Please dont vote (0)

Anonymous Coward | more than 2 years ago | (#40405909)

If the young cannot be bothered to vote unless it is online, then it's good that they are not voting. Expansion of the franchise may be a cause of our problems rather than its solution. We are supposed to be a republic not a democracy. A study of ancient athens will demonstrate some of the potential problems with democracy. People who do not have skin in the political process, ie: dont pay taxes, dont own property, dont serve in the armed forces should not vote. Certainly those who receive benefits from the treasury should not be permitted to vote on those benefits or perhaps even vote at all.

Re:Please dont vote (1)

canadiannomad (1745008) | more than 2 years ago | (#40405991)

If the old people can't be bothered to realize how broken the system is to begin with I wish they would not vote either.

democracy is lost to sustainability already (0)

Anonymous Coward | more than 2 years ago | (#40405933)

All this concern about democracy (when we don't even live in Democratic countries) is lost when you realize that the people who are pushing sustainability are also saying that the only way to make a sustainable world will be to set democracy (what little you think you have) aside. That means the sustainable world will be a one world government police state. This couldn't be worse if George Orwell wrote it.

Re:democracy is lost to sustainability already (0)

Johann Lau (1040920) | more than 2 years ago | (#40406193)

What the fuck are you even talking about?

If a bunch of people don't stop eating scorpions, you have to either let them die, or force them to not eat scorpions. That ain't tyranny, that's looking out for imbeciles.

Finding the smoking gun in a warzone (0)

Anonymous Coward | more than 2 years ago | (#40405945)

Fretting over particular technological problems(that really just suffers from political problems anyhow) is a bit silly. Democracy shows some pretty consistent problems everywhere in this world based on how mature such democratic governments are and how many resources they have enjoyed. A nascent democracy or one that has few productive people and wealth may not show these signs, but mature democratic governments or ones that have vast resources at its disposal relative to the society it controls all show a similar problem with financial stability. The nature of democracy is to bribe constituents with more money than they take. This requires either emphasis on a subset of society at the expense of the rest(which is certainly possible by means of public choice incentives but isn't terribly effective) or it requires getting resources external to the society. The later choice is more popular which is why most mature democracies are in such unsustainable troubles with debt. Older democracies have to continually rely upon more and more bribery to get votes of new constituents. It wouldn't be enough to have just stopped after promising free stuff to one group of voters once. It becomes institutional and expected, and to take it away would be worse than just not having bribed them, those dependents would turn on their previous providers. It is no surprise that the oldest democracies that originally were allowed to become extremely productive and wealthy before the state really expanded are now starting to unravel with debt. The US government size has increased roughly 8 fold since after WWII to 2008 and since then it has still been increasing superlinearly even with respect to population and our productivity and so on. It is no surprise that many other democracies are fairing similarly or worse. Given all the recent examples, it is not the exception but the rule.

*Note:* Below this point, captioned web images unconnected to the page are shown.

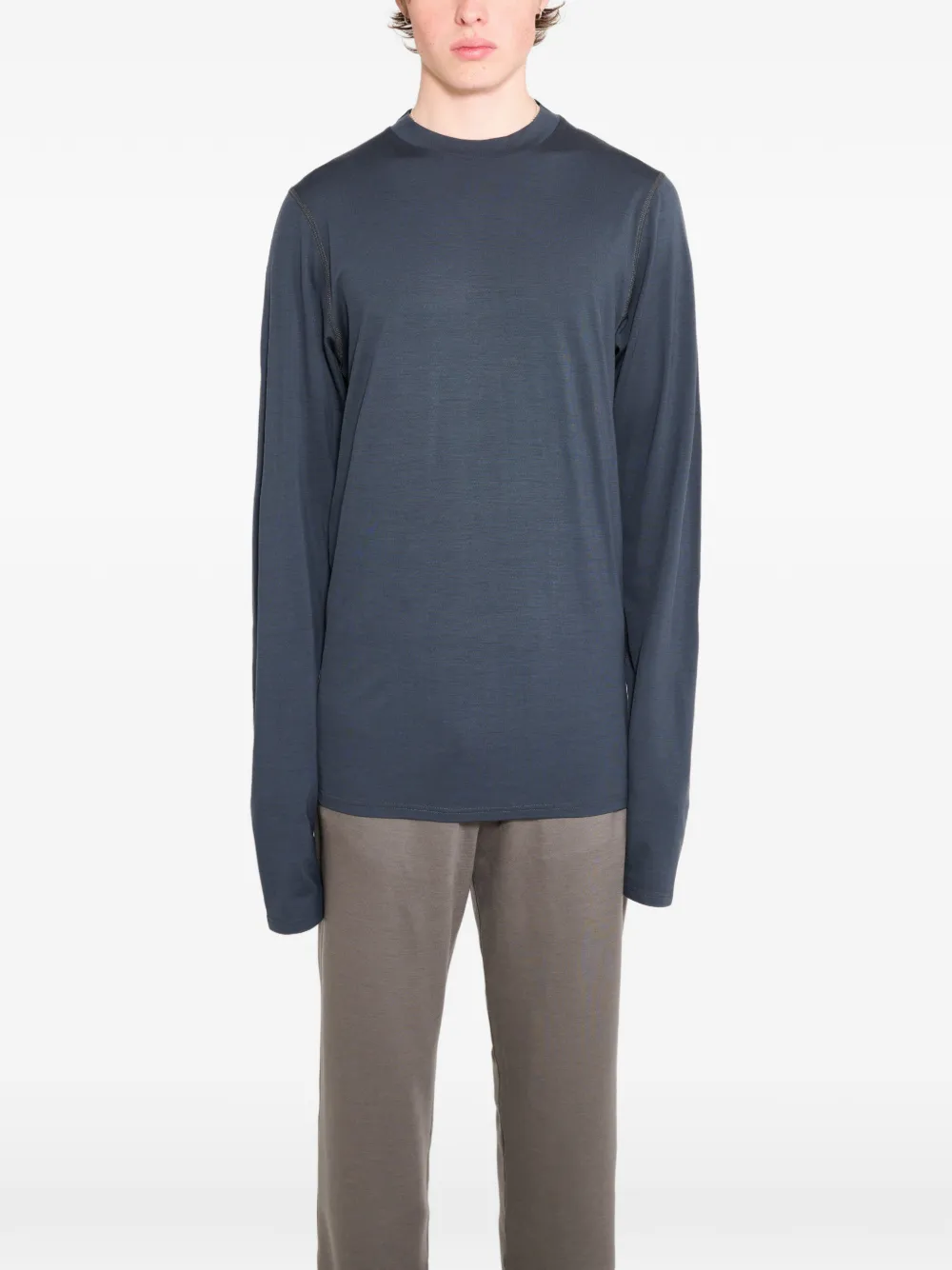 Rier long-sleeve round-neck T-shirt - Blu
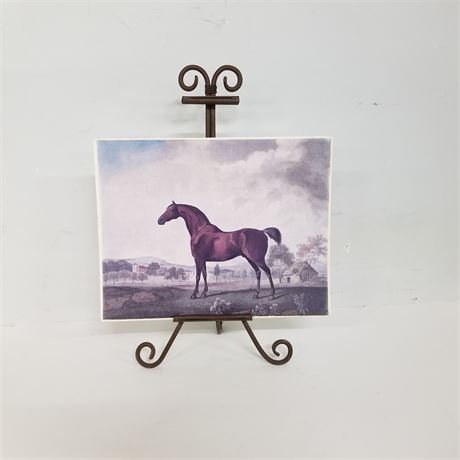 Unique Horse Print with Metal Stand...18x14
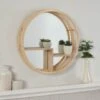 B&M Bamboo Mirror With Shelf - Natural Wood -Household Items Shop 380095 bamboo mirror with shelf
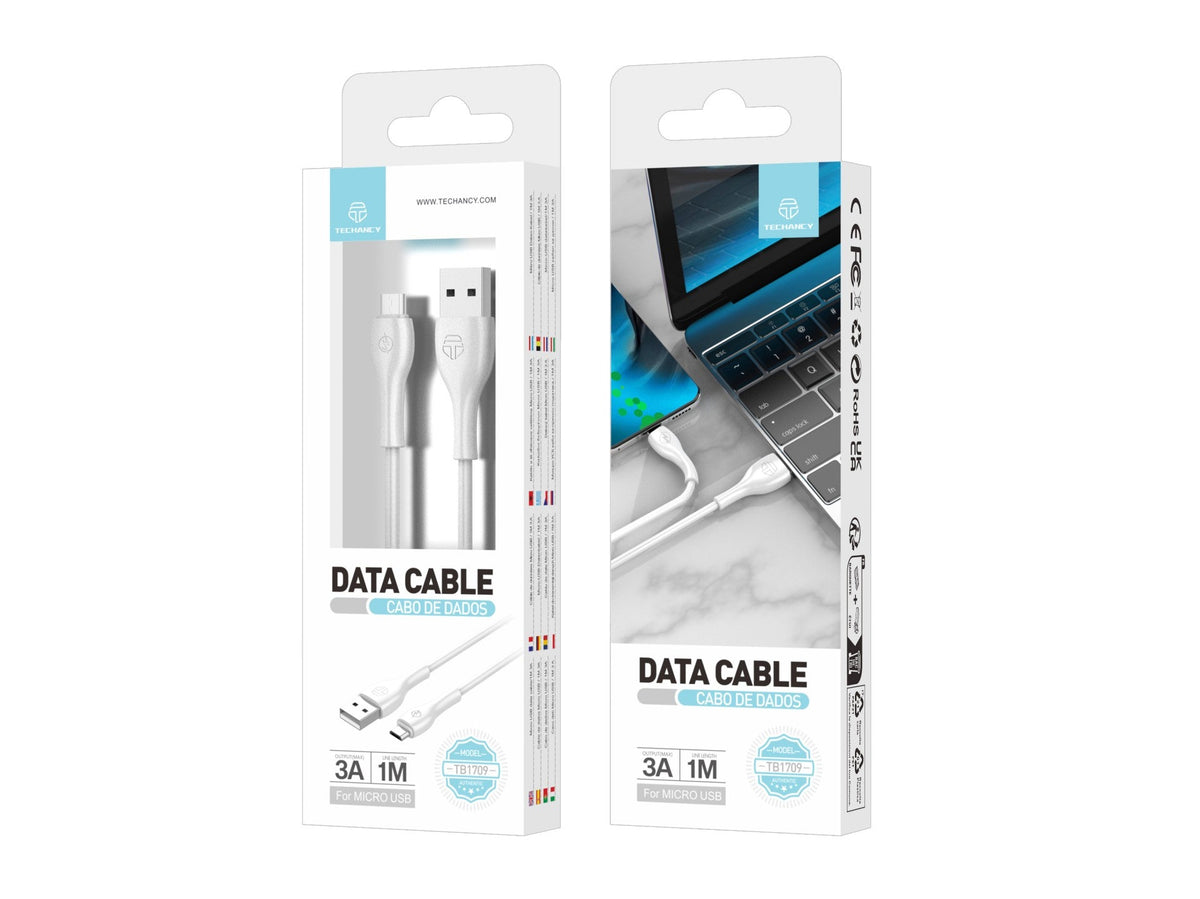 Techancy Cabo De Dados Rápido 3a TB1709, Conetor Usb-Micro, 1 Metro De Comprimento Para Transferência De Dados, Branco-1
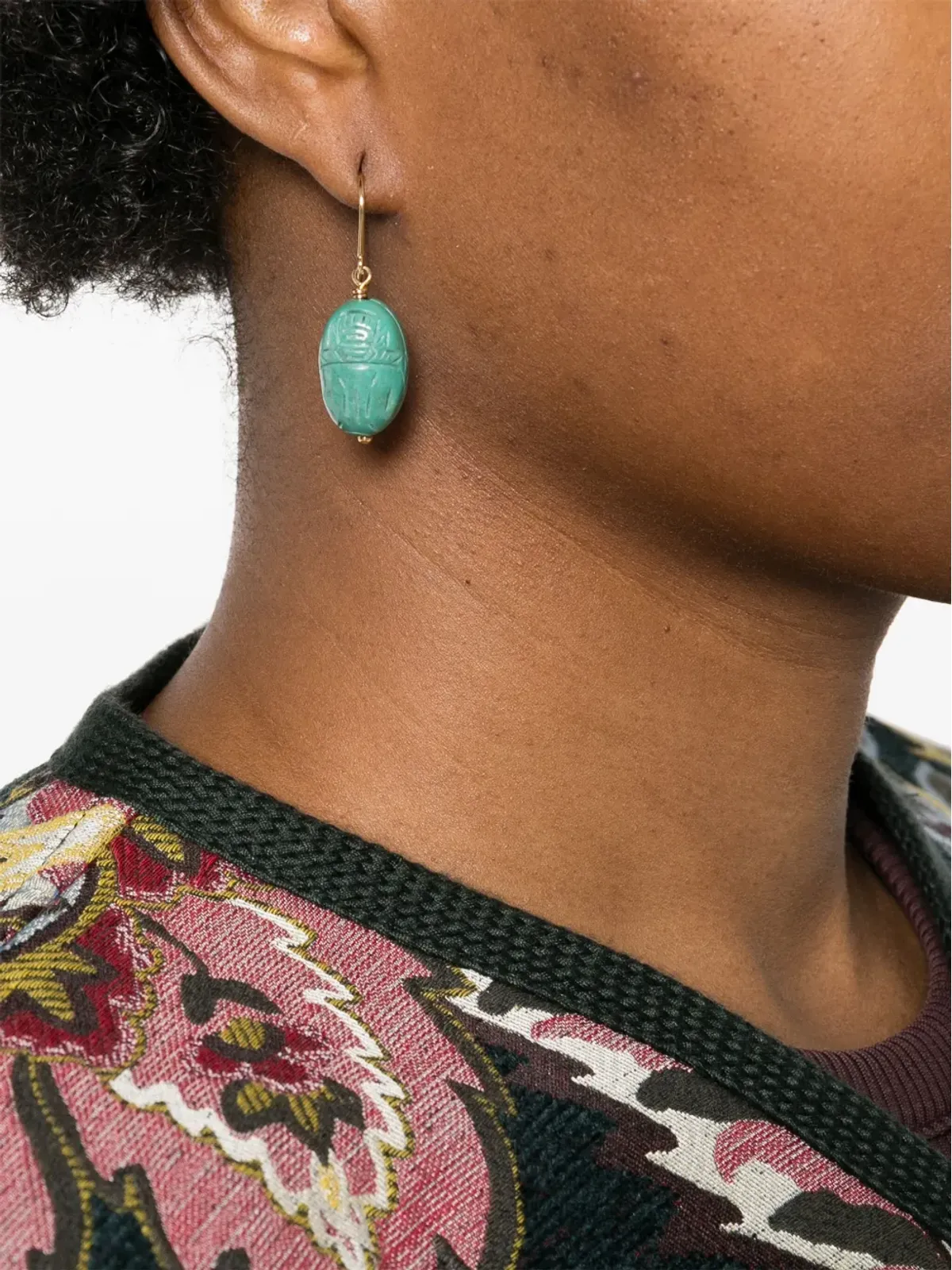 Aurelie Bidermann 18kt yellow gold Scarabs turquoise earrings - 画像3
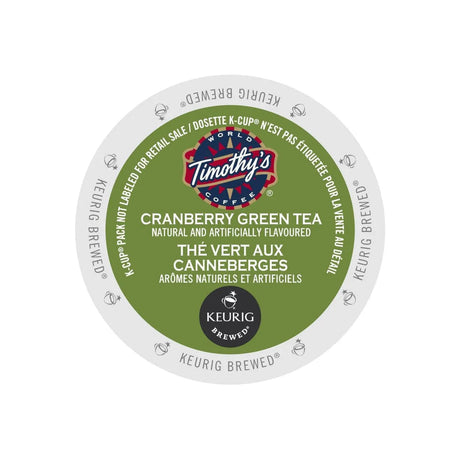Timothy's Cranberry Green Tea K-Cup® Recyclable Pods (Case of 96) K-Cups Timothy's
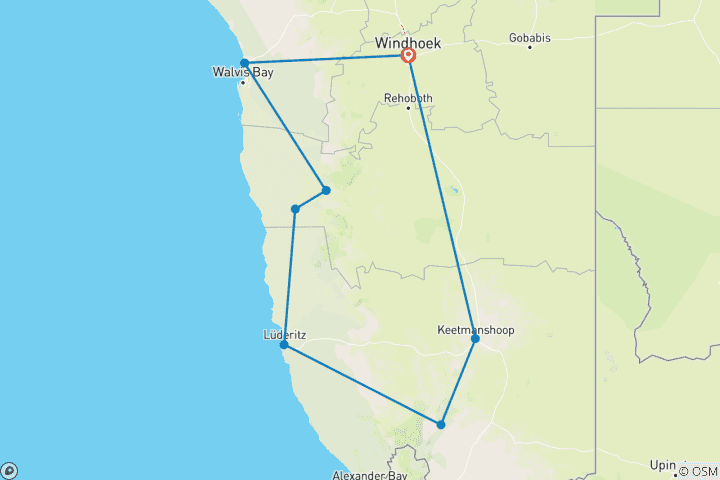 Map of 7 Day Southern Namibia & Sossusvlei Camping Safari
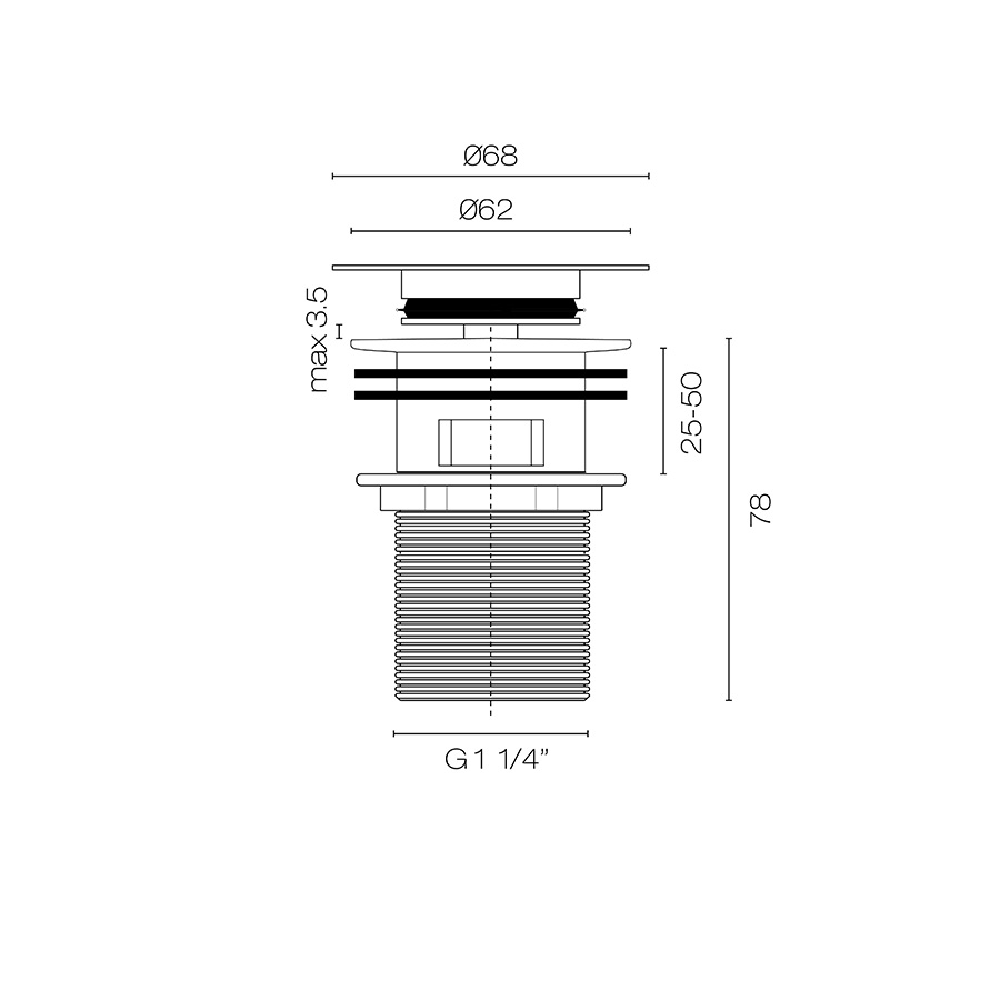 Plumbline Bathroom Accessories Solid Surface Pop Up Basin Waste 32mm with Overflow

For this reason, these stories remind me of people arranging deck chairs on the titanic after it crashed.

I'm old school (1)

CHIT2ME (2667601) | more than 2 years ago | (#40405959)

I've voted in every presidential, senatorial, and congressional election in the U.S. since 1975. It would be great to be able to vote online! Unfortunately, even the "eletronic voting machines" used in some precincts in the U.S. have been shown to be unreliable and "hackable". Until someone can show me that online voting is 1000 percent secure, I will urge anyone in the U.S. and around the world to get off your lazy butts and go vote! I can only hope your precinct, whatever, uses paper ballots and not insecure "electronic methods". Kapersky has the right idea, just, not the security required.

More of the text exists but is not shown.